*PROBLEM DESCRIPTION*:
In the material below, find the line containing "Danıştay kararıyla netleşti: Yemek" and the line containing "TOYOTA HIGHLANDER - 10", then reproduce exactly both of them and every line between, and nothing else.

*PROVIDED MATERIAL*:
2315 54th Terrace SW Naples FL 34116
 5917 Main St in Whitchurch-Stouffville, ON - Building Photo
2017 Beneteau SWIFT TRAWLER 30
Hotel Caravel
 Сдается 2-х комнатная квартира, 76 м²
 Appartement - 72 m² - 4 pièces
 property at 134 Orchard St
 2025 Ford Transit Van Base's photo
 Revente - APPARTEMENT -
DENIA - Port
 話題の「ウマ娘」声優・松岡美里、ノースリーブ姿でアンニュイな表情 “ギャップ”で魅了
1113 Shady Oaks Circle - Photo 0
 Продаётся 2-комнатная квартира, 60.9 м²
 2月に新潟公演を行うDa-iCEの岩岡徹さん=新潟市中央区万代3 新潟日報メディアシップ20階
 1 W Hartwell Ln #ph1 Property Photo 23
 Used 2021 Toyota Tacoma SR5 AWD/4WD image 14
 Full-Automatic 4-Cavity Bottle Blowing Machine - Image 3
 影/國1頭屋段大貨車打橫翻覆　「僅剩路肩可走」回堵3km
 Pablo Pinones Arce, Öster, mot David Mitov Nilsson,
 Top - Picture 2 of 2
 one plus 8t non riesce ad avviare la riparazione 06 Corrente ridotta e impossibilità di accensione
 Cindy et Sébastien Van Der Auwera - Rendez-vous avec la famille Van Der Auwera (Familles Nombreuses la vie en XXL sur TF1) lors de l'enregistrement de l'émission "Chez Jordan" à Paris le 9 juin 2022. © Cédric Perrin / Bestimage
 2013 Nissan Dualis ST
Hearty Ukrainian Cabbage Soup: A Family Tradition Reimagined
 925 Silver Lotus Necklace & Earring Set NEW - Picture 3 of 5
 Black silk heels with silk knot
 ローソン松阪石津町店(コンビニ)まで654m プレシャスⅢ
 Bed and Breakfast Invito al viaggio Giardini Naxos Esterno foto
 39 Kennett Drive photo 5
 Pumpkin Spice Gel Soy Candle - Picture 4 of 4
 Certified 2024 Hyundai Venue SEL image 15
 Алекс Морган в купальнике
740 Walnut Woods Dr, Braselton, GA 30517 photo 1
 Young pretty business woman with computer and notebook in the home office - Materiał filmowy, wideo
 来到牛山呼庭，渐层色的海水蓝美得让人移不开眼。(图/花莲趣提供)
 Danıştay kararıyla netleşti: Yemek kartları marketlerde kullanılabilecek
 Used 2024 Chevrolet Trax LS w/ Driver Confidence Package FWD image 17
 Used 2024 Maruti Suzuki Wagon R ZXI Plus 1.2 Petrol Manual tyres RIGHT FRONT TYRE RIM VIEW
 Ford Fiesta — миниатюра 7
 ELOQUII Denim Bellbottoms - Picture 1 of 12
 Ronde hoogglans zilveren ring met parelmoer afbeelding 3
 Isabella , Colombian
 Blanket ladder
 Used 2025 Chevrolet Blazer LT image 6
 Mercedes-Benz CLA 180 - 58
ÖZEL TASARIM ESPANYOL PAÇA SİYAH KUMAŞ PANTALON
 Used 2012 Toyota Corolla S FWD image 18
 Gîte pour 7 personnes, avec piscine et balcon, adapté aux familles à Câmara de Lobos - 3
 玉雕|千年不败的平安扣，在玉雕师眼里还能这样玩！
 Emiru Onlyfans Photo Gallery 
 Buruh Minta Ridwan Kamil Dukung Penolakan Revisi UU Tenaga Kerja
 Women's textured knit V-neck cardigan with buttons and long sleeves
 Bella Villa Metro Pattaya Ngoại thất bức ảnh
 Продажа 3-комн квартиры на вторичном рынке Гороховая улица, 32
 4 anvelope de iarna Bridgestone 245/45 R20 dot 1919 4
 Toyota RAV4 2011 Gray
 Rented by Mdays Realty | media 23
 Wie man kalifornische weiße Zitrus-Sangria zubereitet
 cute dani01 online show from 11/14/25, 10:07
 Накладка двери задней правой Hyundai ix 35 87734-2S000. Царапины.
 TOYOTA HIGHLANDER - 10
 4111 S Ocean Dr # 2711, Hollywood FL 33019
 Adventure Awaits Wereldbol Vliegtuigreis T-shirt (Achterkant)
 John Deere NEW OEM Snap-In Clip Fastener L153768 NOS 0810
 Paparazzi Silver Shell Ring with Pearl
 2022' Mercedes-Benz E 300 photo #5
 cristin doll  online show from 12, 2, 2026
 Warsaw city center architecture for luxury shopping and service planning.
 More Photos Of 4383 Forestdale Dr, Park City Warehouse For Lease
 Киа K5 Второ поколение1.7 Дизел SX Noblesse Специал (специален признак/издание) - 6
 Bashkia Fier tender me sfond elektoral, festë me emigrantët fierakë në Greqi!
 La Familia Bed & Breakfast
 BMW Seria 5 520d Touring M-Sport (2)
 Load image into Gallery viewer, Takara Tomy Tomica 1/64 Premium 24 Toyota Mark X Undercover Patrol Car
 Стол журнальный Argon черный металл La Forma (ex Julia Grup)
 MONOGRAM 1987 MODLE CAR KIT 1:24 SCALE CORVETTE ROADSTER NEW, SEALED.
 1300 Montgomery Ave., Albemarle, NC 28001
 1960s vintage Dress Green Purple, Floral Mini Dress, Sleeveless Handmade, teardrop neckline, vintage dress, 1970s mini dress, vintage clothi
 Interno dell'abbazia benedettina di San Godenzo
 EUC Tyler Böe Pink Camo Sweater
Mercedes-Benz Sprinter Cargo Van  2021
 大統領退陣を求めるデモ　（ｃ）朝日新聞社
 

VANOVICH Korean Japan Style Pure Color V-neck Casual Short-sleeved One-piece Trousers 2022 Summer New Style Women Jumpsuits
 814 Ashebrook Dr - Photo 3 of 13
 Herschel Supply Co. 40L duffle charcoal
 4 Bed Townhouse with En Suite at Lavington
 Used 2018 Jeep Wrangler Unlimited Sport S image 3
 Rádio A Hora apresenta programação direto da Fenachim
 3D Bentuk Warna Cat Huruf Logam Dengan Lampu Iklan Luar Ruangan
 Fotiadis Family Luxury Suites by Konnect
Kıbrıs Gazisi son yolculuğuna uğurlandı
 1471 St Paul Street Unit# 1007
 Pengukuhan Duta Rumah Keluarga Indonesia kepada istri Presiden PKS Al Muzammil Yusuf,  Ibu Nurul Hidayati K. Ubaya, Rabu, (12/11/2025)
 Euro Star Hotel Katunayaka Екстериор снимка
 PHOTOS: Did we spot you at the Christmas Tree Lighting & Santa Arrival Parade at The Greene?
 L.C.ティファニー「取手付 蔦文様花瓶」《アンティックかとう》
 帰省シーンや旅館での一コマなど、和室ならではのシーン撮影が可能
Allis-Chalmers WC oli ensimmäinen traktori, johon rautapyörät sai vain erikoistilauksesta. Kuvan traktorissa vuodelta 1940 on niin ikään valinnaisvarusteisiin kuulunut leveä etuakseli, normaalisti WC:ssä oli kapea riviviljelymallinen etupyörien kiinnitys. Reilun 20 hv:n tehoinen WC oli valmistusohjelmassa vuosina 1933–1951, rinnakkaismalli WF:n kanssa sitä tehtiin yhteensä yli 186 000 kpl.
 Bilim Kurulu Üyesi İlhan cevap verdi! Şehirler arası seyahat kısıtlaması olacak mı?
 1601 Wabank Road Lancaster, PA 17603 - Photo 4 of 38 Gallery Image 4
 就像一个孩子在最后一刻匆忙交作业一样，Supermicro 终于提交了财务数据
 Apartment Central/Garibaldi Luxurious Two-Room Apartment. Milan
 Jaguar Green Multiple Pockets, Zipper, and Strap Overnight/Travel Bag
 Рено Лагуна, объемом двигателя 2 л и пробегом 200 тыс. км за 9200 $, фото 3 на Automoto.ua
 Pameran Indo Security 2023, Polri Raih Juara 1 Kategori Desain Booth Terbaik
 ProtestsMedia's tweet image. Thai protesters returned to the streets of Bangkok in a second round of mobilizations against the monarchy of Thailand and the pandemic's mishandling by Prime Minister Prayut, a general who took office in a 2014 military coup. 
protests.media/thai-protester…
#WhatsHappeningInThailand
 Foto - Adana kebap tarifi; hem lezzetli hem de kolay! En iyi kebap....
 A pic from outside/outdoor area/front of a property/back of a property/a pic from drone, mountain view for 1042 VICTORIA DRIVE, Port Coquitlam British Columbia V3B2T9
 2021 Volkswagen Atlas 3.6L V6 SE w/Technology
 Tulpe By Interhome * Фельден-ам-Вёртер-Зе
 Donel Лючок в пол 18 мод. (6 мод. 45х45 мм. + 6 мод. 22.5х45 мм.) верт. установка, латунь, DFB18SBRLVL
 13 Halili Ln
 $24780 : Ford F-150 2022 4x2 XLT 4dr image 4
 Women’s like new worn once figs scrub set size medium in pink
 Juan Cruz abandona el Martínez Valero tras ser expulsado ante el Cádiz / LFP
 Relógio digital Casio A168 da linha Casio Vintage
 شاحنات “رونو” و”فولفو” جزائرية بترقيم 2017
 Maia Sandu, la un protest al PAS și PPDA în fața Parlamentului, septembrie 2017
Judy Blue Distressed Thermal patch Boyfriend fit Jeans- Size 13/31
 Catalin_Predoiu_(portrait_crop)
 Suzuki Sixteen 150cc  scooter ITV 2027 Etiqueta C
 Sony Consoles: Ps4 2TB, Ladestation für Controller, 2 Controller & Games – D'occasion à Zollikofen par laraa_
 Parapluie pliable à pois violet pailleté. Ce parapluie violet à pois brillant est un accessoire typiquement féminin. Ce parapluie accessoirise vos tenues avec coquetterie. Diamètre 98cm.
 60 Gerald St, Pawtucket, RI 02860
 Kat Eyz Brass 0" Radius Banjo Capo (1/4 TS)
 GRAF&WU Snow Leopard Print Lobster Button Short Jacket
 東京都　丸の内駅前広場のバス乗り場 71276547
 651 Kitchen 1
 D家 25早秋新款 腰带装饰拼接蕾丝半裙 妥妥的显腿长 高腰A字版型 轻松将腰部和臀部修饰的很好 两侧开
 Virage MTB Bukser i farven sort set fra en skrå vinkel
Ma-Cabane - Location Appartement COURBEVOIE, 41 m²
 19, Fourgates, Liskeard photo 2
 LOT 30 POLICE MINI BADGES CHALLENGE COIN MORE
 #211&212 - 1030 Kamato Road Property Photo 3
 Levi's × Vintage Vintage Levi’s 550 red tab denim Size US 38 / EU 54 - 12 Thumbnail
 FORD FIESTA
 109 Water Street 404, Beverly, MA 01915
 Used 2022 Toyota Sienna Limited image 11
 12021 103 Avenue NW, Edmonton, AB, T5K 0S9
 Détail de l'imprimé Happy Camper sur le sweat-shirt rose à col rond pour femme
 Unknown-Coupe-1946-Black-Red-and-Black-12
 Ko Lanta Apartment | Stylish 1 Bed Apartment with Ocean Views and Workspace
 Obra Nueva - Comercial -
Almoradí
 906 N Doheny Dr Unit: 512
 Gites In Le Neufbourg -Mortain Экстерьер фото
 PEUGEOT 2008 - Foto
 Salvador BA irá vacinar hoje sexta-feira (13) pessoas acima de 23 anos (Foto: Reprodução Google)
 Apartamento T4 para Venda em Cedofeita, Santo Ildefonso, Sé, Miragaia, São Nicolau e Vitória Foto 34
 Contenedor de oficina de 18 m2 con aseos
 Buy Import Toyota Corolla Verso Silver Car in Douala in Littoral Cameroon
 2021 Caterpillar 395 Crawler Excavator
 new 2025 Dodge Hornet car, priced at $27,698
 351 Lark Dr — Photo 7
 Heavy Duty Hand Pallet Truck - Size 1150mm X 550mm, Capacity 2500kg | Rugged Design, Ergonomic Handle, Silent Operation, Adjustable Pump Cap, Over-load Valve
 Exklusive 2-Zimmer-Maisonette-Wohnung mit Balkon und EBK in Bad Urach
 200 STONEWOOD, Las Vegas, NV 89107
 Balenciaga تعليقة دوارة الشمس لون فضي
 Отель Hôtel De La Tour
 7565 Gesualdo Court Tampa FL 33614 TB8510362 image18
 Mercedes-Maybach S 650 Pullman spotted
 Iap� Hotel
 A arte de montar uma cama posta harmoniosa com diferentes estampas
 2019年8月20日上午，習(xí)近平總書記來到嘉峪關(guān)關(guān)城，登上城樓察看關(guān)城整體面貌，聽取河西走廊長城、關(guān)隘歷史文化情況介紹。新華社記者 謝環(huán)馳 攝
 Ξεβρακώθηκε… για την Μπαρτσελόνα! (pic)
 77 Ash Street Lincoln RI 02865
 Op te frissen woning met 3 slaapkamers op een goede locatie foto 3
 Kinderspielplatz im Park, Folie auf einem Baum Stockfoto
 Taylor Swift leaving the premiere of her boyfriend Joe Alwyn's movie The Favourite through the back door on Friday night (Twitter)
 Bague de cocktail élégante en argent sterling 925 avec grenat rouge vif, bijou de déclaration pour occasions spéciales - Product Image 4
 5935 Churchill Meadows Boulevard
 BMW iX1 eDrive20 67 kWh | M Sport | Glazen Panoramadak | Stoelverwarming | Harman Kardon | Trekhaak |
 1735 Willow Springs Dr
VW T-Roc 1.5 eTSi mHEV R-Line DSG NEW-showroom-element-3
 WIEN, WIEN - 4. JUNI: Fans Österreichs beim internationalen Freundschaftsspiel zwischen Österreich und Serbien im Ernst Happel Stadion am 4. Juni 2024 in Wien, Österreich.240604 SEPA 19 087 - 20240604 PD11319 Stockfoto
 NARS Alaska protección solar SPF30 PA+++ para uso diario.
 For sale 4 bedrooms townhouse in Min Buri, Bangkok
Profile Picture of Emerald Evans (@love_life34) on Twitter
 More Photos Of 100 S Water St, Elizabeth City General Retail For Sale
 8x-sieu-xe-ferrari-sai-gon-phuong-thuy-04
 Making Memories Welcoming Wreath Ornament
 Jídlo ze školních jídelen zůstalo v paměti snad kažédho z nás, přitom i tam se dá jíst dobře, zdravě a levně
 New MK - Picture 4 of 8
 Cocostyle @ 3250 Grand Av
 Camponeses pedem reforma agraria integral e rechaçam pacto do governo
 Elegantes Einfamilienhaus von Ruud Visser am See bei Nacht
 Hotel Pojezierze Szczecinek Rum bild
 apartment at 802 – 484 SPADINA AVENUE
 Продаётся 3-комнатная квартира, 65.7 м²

*TASK RESPONSE*:
 Danıştay kararıyla netleşti: Yemek kartları marketlerde kullanılabilecek
 Used 2024 Chevrolet Trax LS w/ Driver Confidence Package FWD image 17
 Used 2024 Maruti Suzuki Wagon R ZXI Plus 1.2 Petrol Manual tyres RIGHT FRONT TYRE RIM VIEW
 Ford Fiesta — миниатюра 7
 ELOQUII Denim Bellbottoms - Picture 1 of 12
 Ronde hoogglans zilveren ring met parelmoer afbeelding 3
 Isabella , Colombian
 Blanket ladder
 Used 2025 Chevrolet Blazer LT image 6
 Mercedes-Benz CLA 180 - 58
ÖZEL TASARIM ESPANYOL PAÇA SİYAH KUMAŞ PANTALON
 Used 2012 Toyota Corolla S FWD image 18
 Gîte pour 7 personnes, avec piscine et balcon, adapté aux familles à Câmara de Lobos - 3
 玉雕|千年不败的平安扣，在玉雕师眼里还能这样玩！
 Emiru Onlyfans Photo Gallery 
 Buruh Minta Ridwan Kamil Dukung Penolakan Revisi UU Tenaga Kerja
 Women's textured knit V-neck cardigan with buttons and long sleeves
 Bella Villa Metro Pattaya Ngoại thất bức ảnh
 Продажа 3-комн квартиры на вторичном рынке Гороховая улица, 32
 4 anvelope de iarna Bridgestone 245/45 R20 dot 1919 4
 Toyota RAV4 2011 Gray
 Rented by Mdays Realty | media 23
 Wie man kalifornische weiße Zitrus-Sangria zubereitet
 cute dani01 online show from 11/14/25, 10:07
 Накладка двери задней правой Hyundai ix 35 87734-2S000. Царапины.
 TOYOTA HIGHLANDER - 10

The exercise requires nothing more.